[EXERCISE INSTRUCTIONS]
In the entries below, repeat only the lines between those holding "three Renegade Chronicles books stacked" and "cheerful male sitting", inclusive. Leave pictures out.
:: RECORDS FOR THE TASK
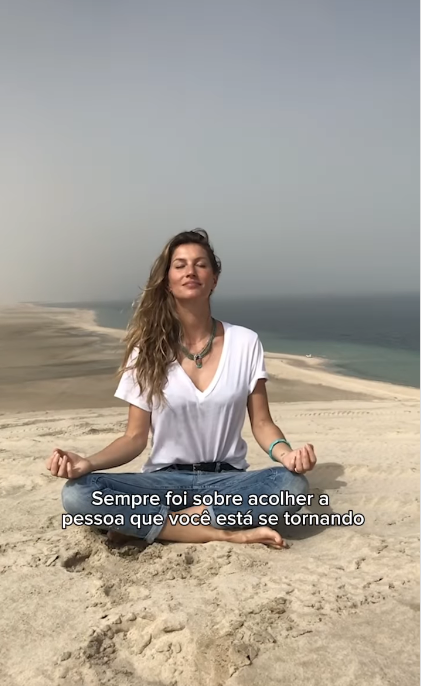 Gisele Bündchen doing a yoga pose.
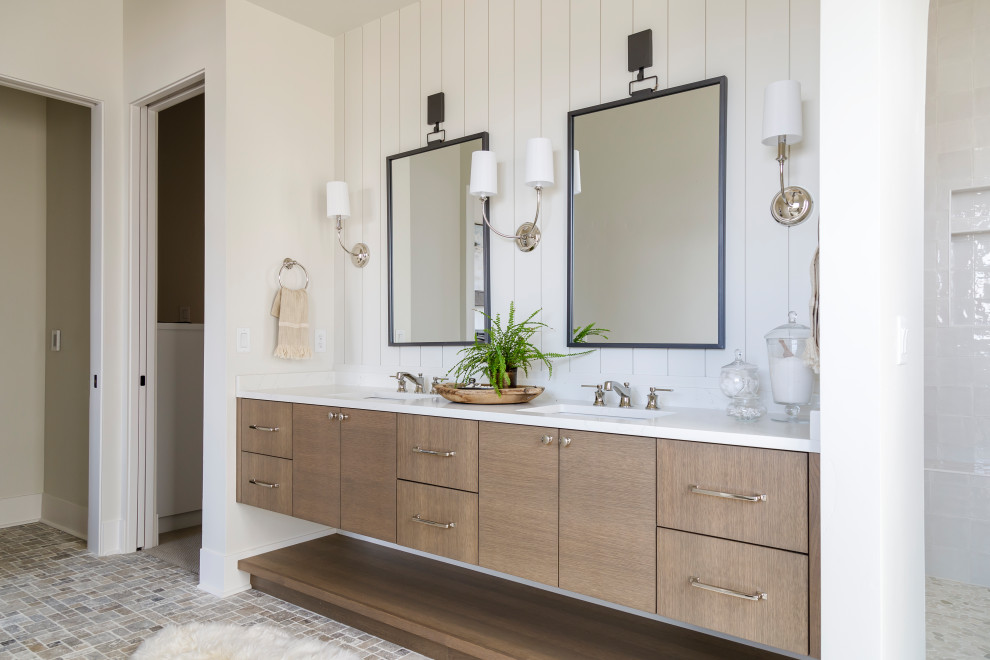 Photo of a mid-sized country master bathroom in Boise with flat-panel cabinets, medium wood cabinets, a freestanding tub, an open shower, porcelain tile, white walls, travertine floors, an undermount sink, engineered quartz benchtops, an open shower, white benchtops, a double vanity, a floating vanity and planked wall panelling.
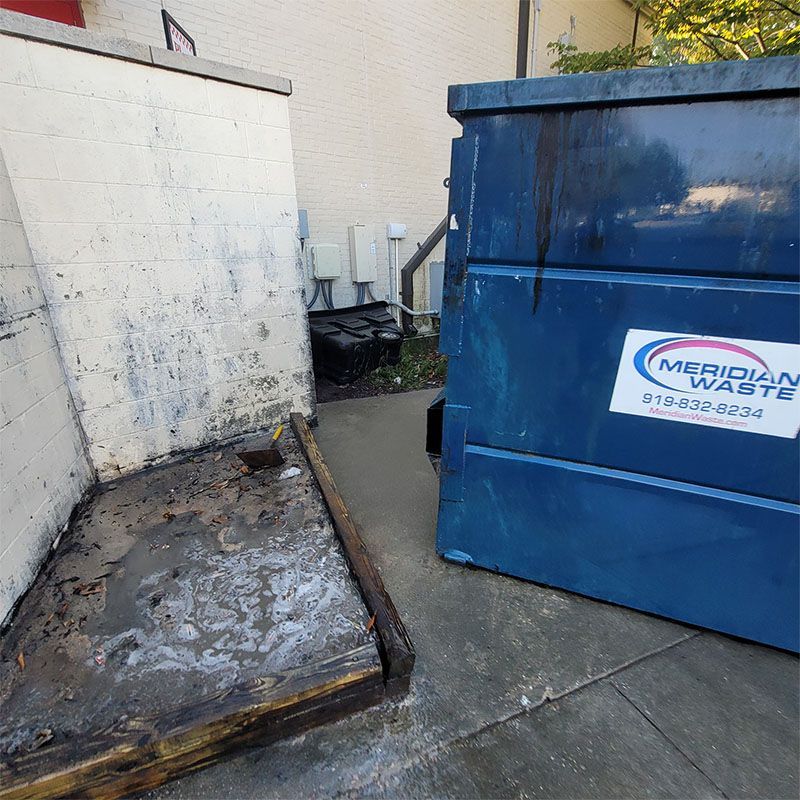 Blue dumpster next to a building with a concrete enclosure. The ground is wet.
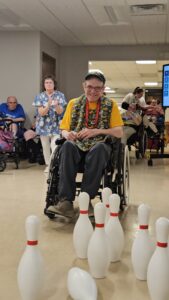A participant takes part in a bowling activity during the 2026 Talent Show on June 11.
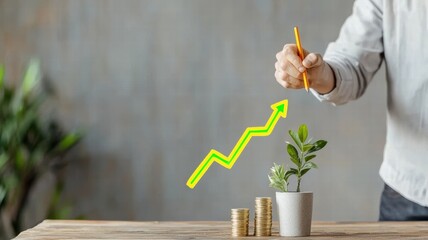 Wall Mural - A hand holding a pencil draws a growth arrow above a plant in a pot, symbolizing financial growth and prosperity with coins in the foreground.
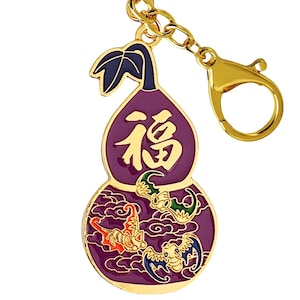 May include: A gold-colored metal keychain with a purple gourd-shaped charm. The charm features the Chinese character "Fu" in gold, along with illustrations of bats and clouds. The keychain has a lobster clasp for easy attachment.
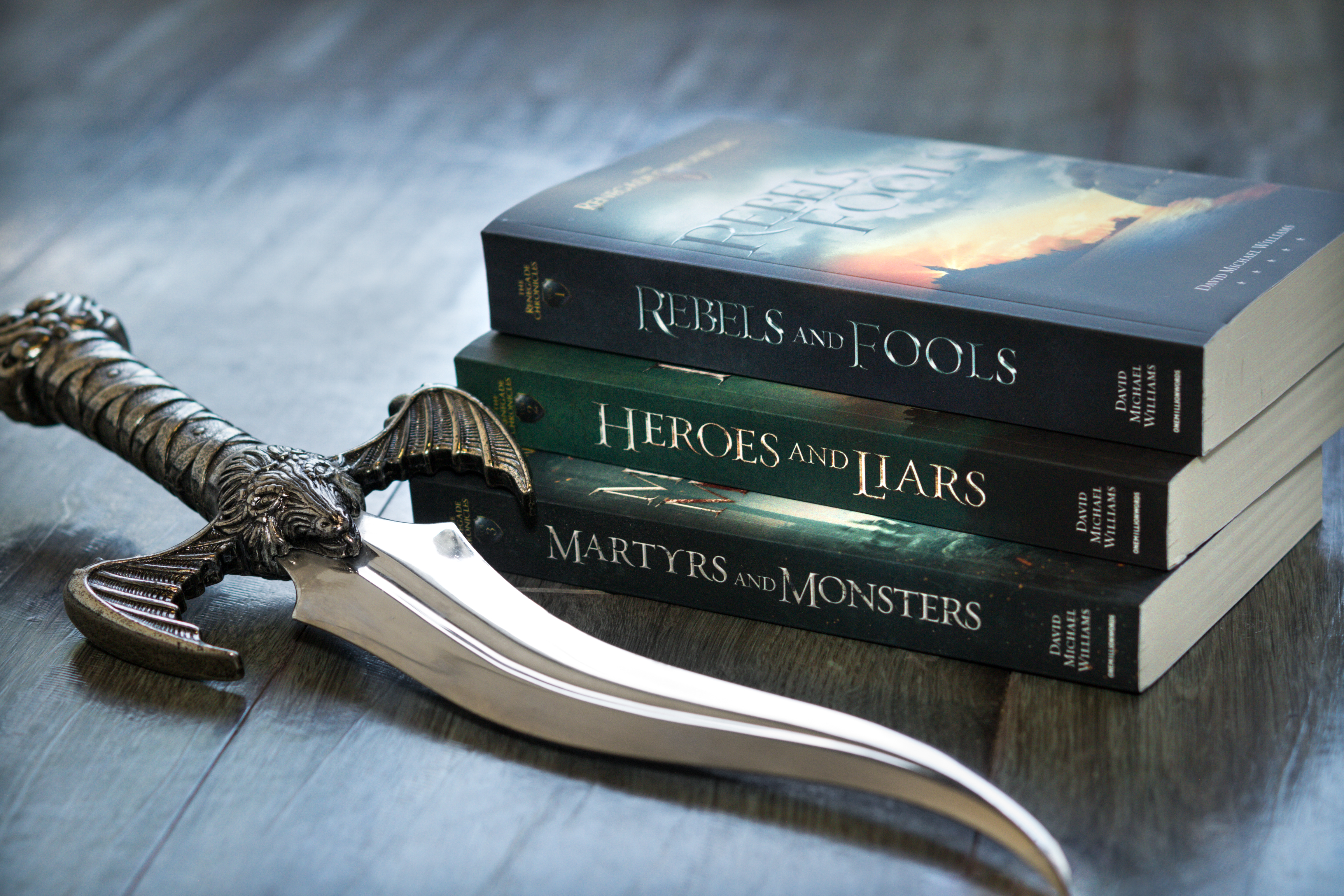 three Renegade Chronicles books stacked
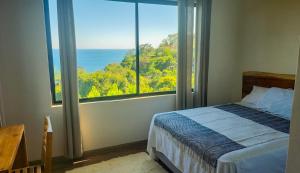 a bedroom with a bed and a large window at Sunshine Sanctuary Boutique Jungle Lodge in Montezuma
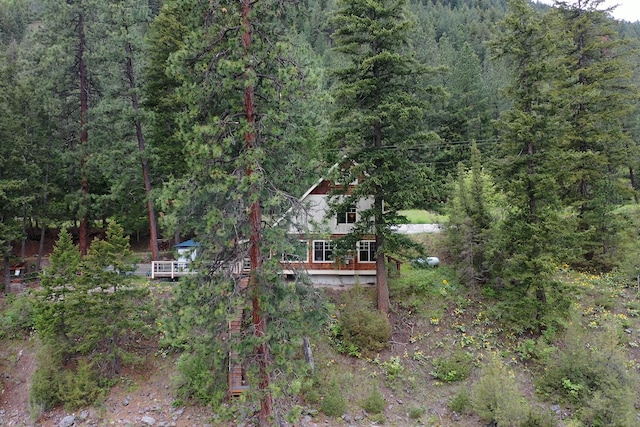 2055 Diamond Match Rd, Superior, MT 59872 - back of property featuring a forest view and a deck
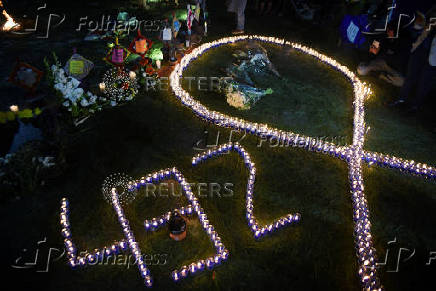 Demonstrators hold a vigil ahead of International Day for the Elimination of Violence Against Women, in Guatemala City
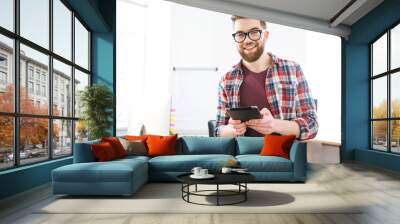 cheerful male sitting and holding tablet in the office Wall mural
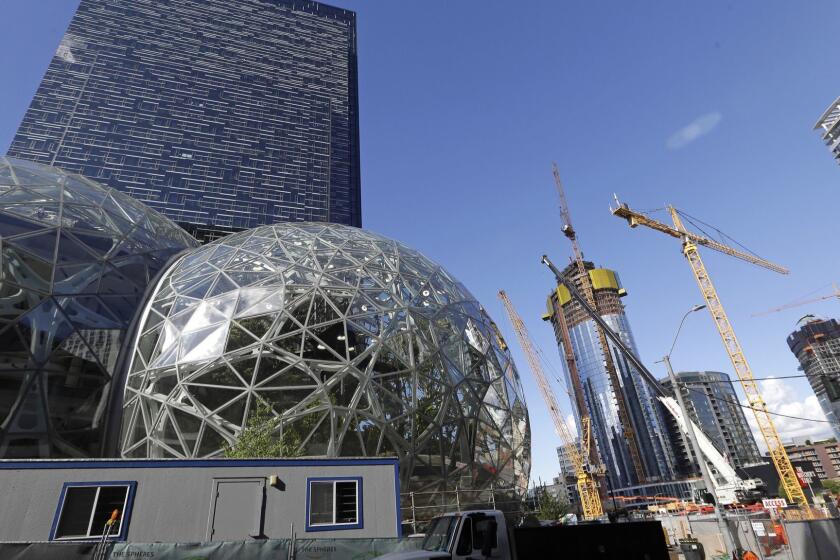 FILE - In this Wednesday, Oct. 11, 2017, file photo, large spheres take shape in front of an existing Amazon building, behind, as new construction continues across the street in Seattle. Amazon said Wednesday, May 2, 2018, it is pausing construction on a new high-rise building in Seattle while it awaits the outcome of a city proposal to tax worker hours. The Seattle City Council has been weighing a proposed "head tax" on high-grossing businesses as a way to raise about $75 million a year for affordable housing and homelessness services. (AP Photo/Elaine Thompson, File)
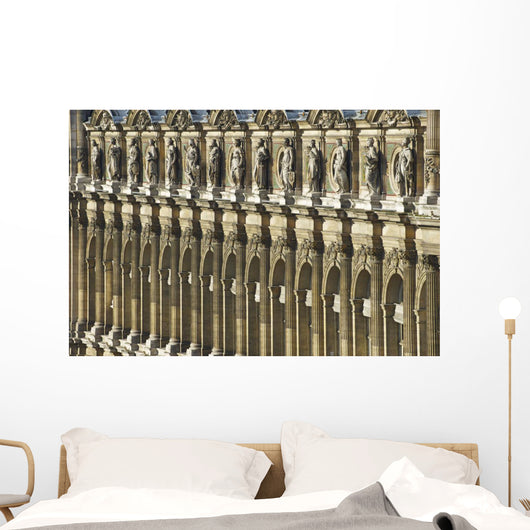 Ornate facade of a building with columns and statues of men in a row Wall Mural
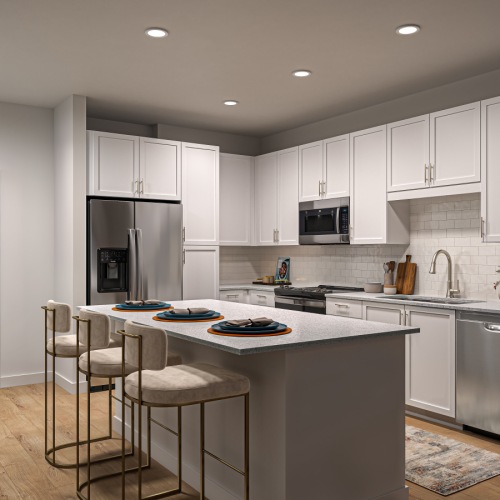 a kitchen with white cabinets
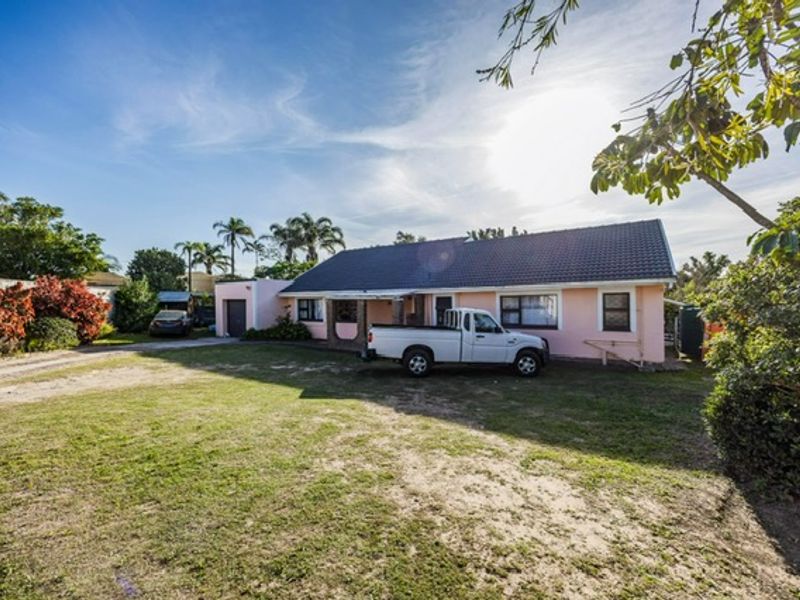 Front view of a single-story residential house featuring a tiled roof, attached garage, and a spacious front lawn with a driveway.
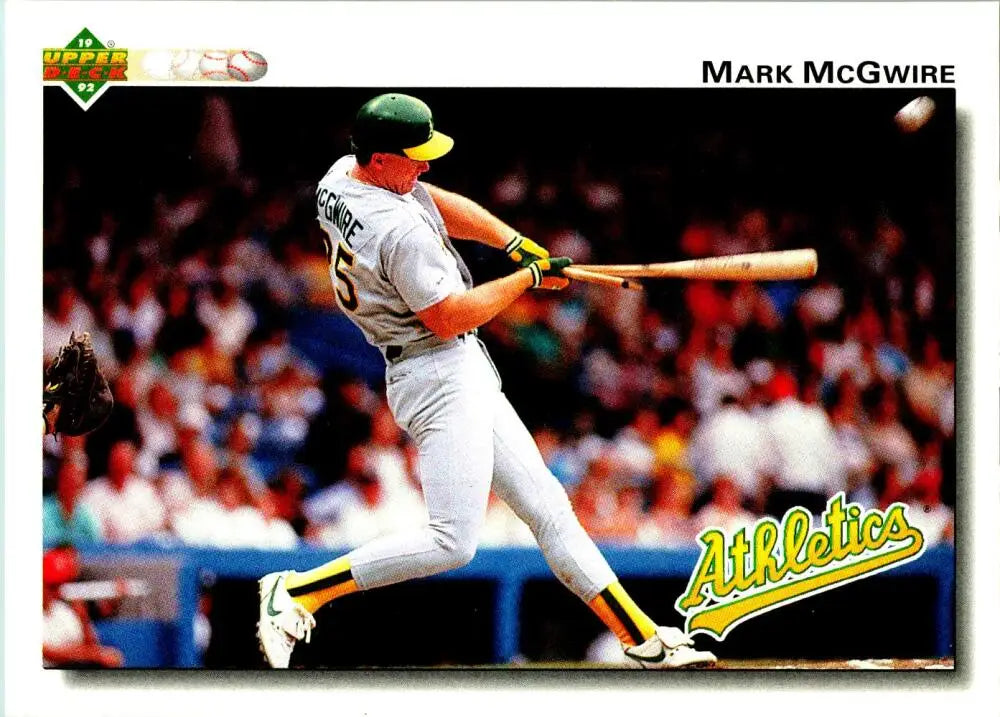 Baseball player in white Oakland Athletics uniform swinging bat for Mark McGwire card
::::
[SOLUTION TO THIS TASK]
 three Renegade Chronicles books stacked
 a bedroom with a bed and a large window at Sunshine Sanctuary Boutique Jungle Lodge in Montezuma
 2055 Diamond Match Rd, Superior, MT 59872 - back of property featuring a forest view and a deck
 Demonstrators hold a vigil ahead of International Day for the Elimination of Violence Against Women, in Guatemala City
 cheerful male sitting and holding tablet in the office Wall mural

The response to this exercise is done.